● **Prompt**
What is needed is an exact copy of every entry, without the pictures.

● **Available data**
-- Opening Marker --

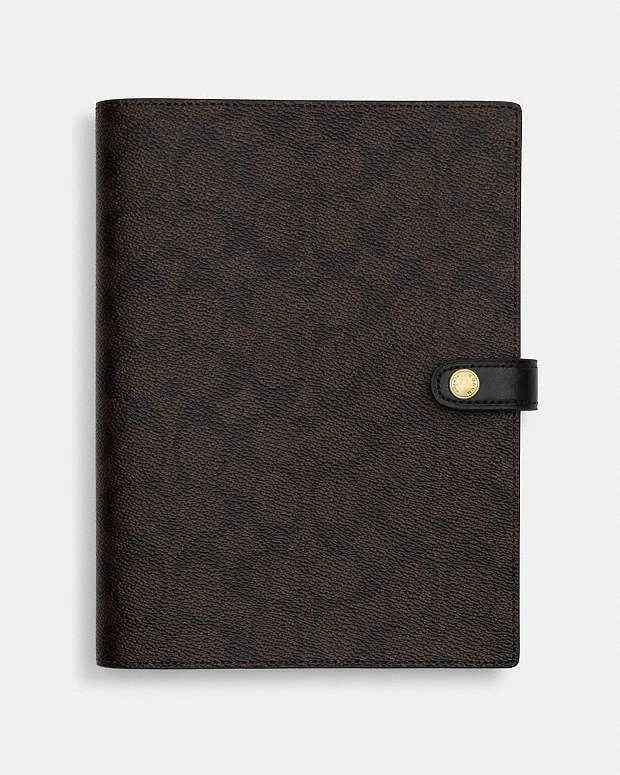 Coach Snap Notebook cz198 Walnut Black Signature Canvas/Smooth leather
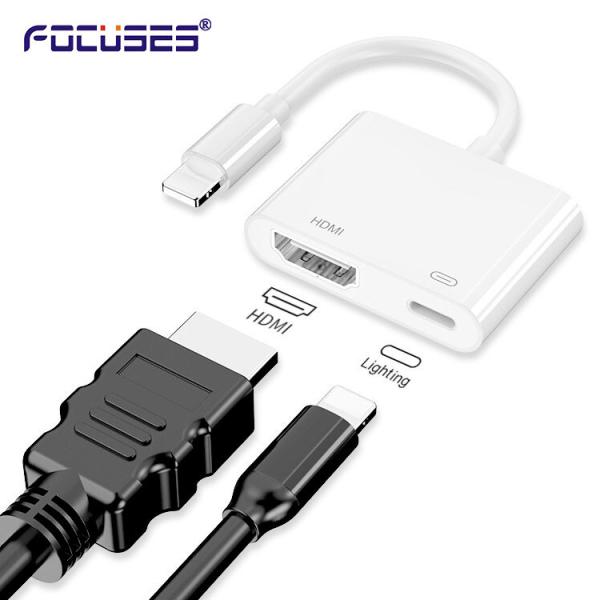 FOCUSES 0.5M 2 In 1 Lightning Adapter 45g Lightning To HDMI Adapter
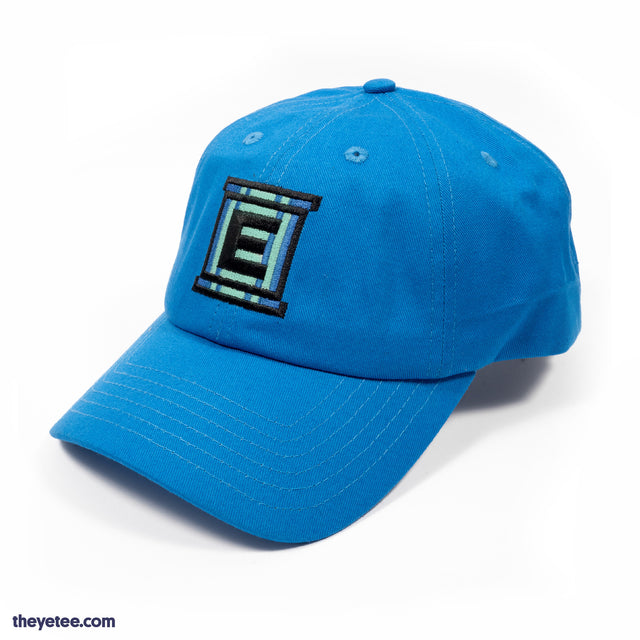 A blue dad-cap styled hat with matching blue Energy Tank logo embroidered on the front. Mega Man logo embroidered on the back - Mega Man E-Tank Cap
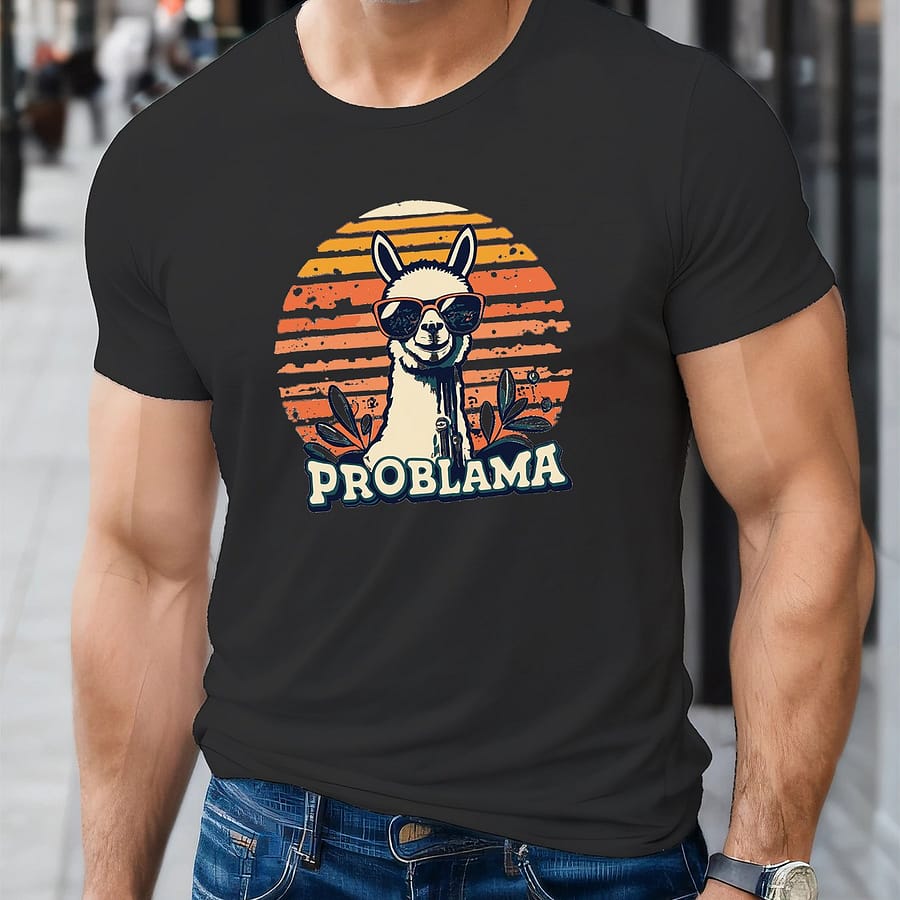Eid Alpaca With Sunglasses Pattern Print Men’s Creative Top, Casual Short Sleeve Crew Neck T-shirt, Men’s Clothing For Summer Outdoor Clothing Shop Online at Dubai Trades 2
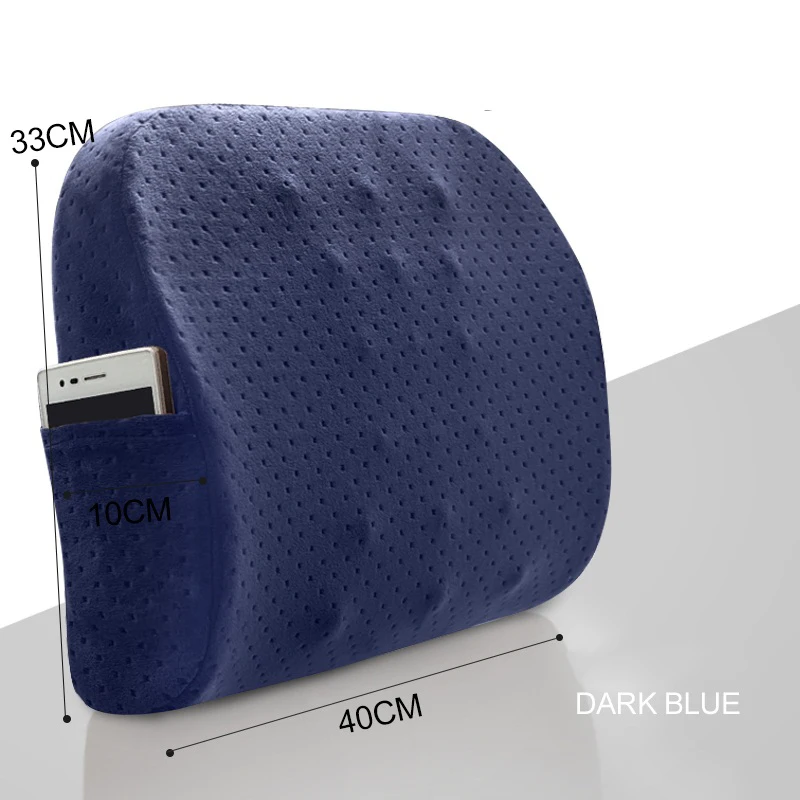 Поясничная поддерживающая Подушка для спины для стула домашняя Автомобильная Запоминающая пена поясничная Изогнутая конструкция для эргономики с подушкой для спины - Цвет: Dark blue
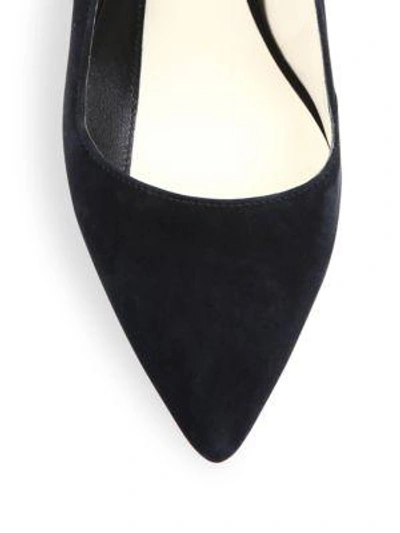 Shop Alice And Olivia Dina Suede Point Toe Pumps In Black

-- Closing Marker --

● **Exercise response**
 Coach Snap Notebook cz198 Walnut Black Signature Canvas/Smooth leather
 FOCUSES 0.5M 2 In 1 Lightning Adapter 45g Lightning To HDMI Adapter
 A blue dad-cap styled hat with matching blue Energy Tank logo embroidered on the front. Mega Man logo embroidered on the back - Mega Man E-Tank Cap
Eid Alpaca With Sunglasses Pattern Print Men’s Creative Top, Casual Short Sleeve Crew Neck T-shirt, Men’s Clothing For Summer Outdoor Clothing Shop Online at Dubai Trades 2
 Поясничная поддерживающая Подушка для спины для стула домашняя Автомобильная Запоминающая пена поясничная Изогнутая конструкция для эргономики с подушкой для спины - Цвет: Dark blue
 Shop Alice And Olivia Dina Suede Point Toe Pumps In Black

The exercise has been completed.